# TASK INSTRUCTIONS
Go through the data and copy every line exactly, but not the images.

Image-caption web data:
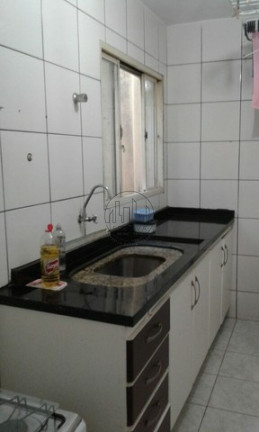 Apartamento com 2 Quartos à Venda, 50 m² em Taguatinga Sul (taguatinga) - Brasília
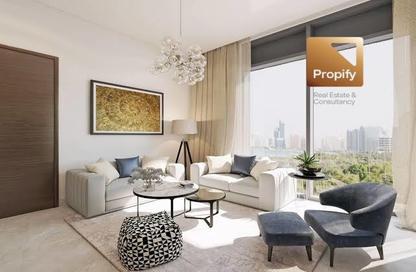 Apartment - 1 - 2 for sale in Sobha Creek Vista Heights Tower B - Sobha Creek Vista Heights - Sobha Hartland - Mohammed Bin Rashid City - Dubai Apartment - 1 - 2 for sale in Sobha Creek Vista Heights Tower B - Sobha Creek Vista Heights - Sobha Hartland - Mohammed Bin Rashid City - Dubai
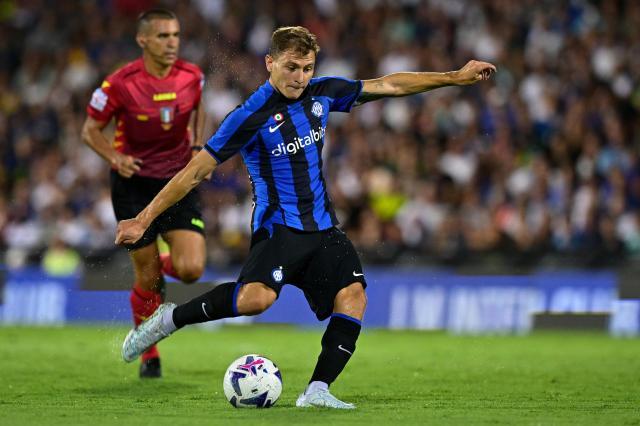 B体育必一运动-王勤伯：国际米兰赞助商问题，源自投资者心理落差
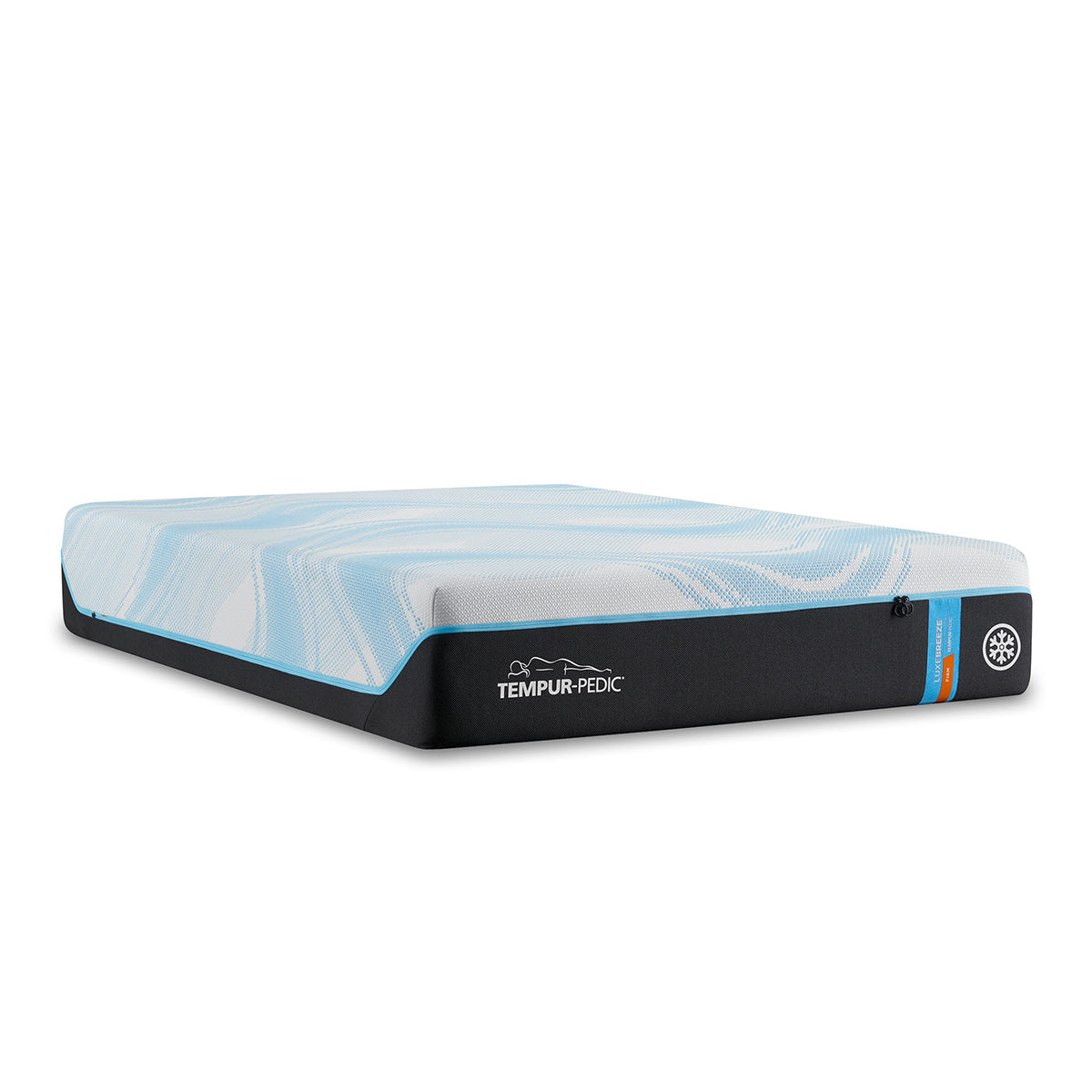 Tempur-Pedic TEMPUR-LuxeBreeze Firm 13-Inch Mattress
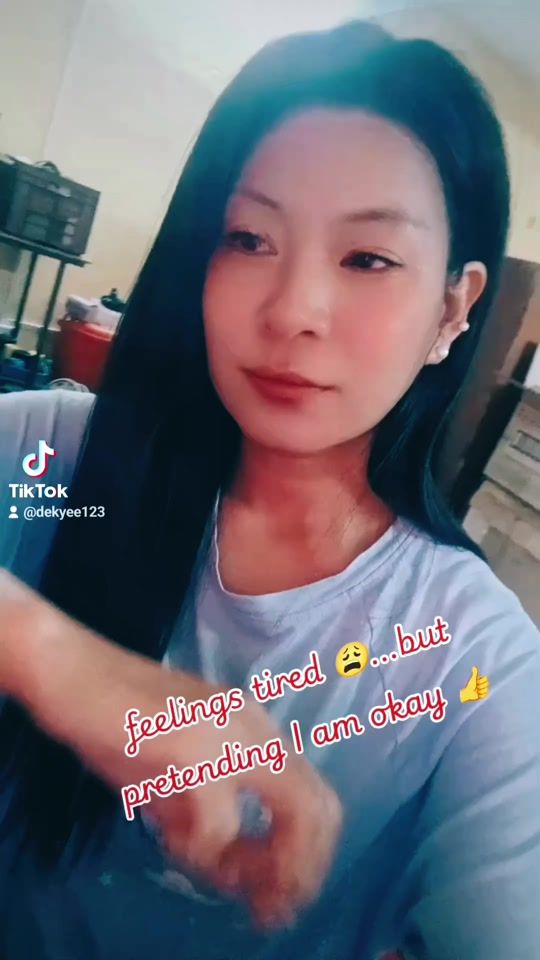 TikTok video thumbnail by dekyee123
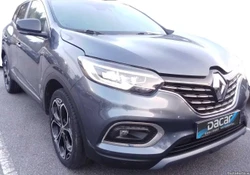 Renault Kadjar 1.5 DCI BLACK EDITION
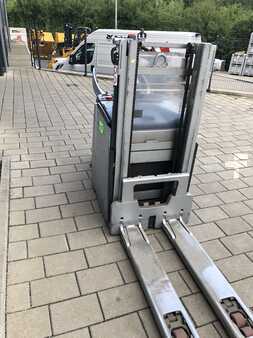 Stacker pedestre 2020  Still EXD-SF20 Doppelstock Initalhub (6)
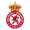 Логотип футбольный клуб Культурал Леонеса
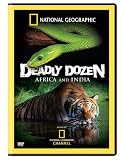 Deadly Dozen: Africa and India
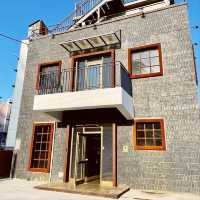 Brick Block 482 Cafe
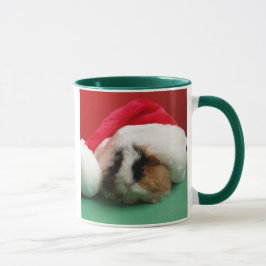 Coole Guinea Schweinefleisch Tasse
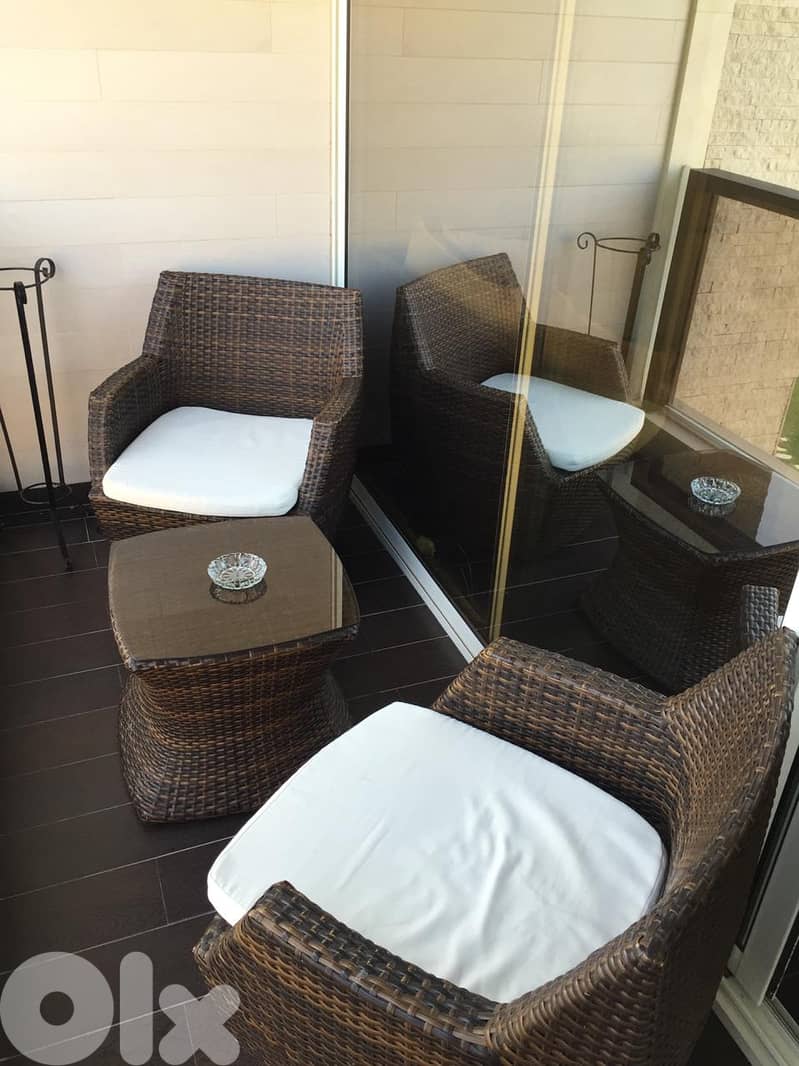RWB345EA - Chalet for sale in Tabarja 8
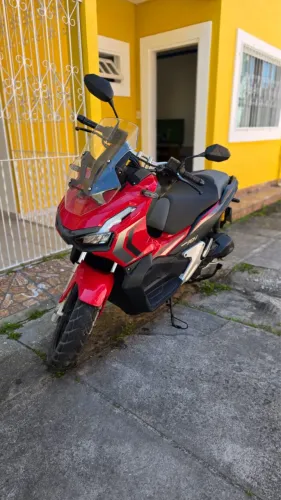 HONDA/ADV 150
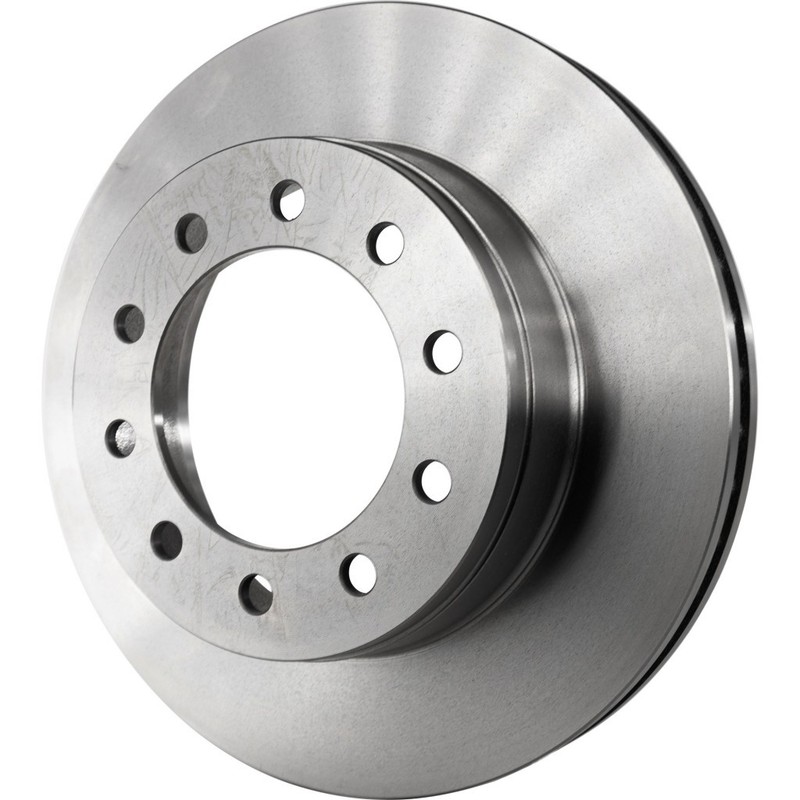 SureStop Brake Disc For Ford F450/F550 SuperDuty 2005-2016 Driver OR Passenger gallery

# RESULT FOR THIS TASK
 Apartamento com 2 Quartos à Venda, 50 m² em Taguatinga Sul (taguatinga) - Brasília
 Apartment - 1 - 2 for sale in Sobha Creek Vista Heights Tower B - Sobha Creek Vista Heights - Sobha Hartland - Mohammed Bin Rashid City - Dubai Apartment - 1 - 2 for sale in Sobha Creek Vista Heights Tower B - Sobha Creek Vista Heights - Sobha Hartland - Mohammed Bin Rashid City - Dubai
 B体育必一运动-王勤伯：国际米兰赞助商问题，源自投资者心理落差
 Tempur-Pedic TEMPUR-LuxeBreeze Firm 13-Inch Mattress
 TikTok video thumbnail by dekyee123
 Renault Kadjar 1.5 DCI BLACK EDITION
 Stacker pedestre 2020  Still EXD-SF20 Doppelstock Initalhub (6)
 Логотип футбольный клуб Культурал Леонеса
 Deadly Dozen: Africa and India
 Brick Block 482 Cafe
 Coole Guinea Schweinefleisch Tasse
RWB345EA - Chalet for sale in Tabarja 8
 HONDA/ADV 150
 SureStop Brake Disc For Ford F450/F550 SuperDuty 2005-2016 Driver OR Passenger gallery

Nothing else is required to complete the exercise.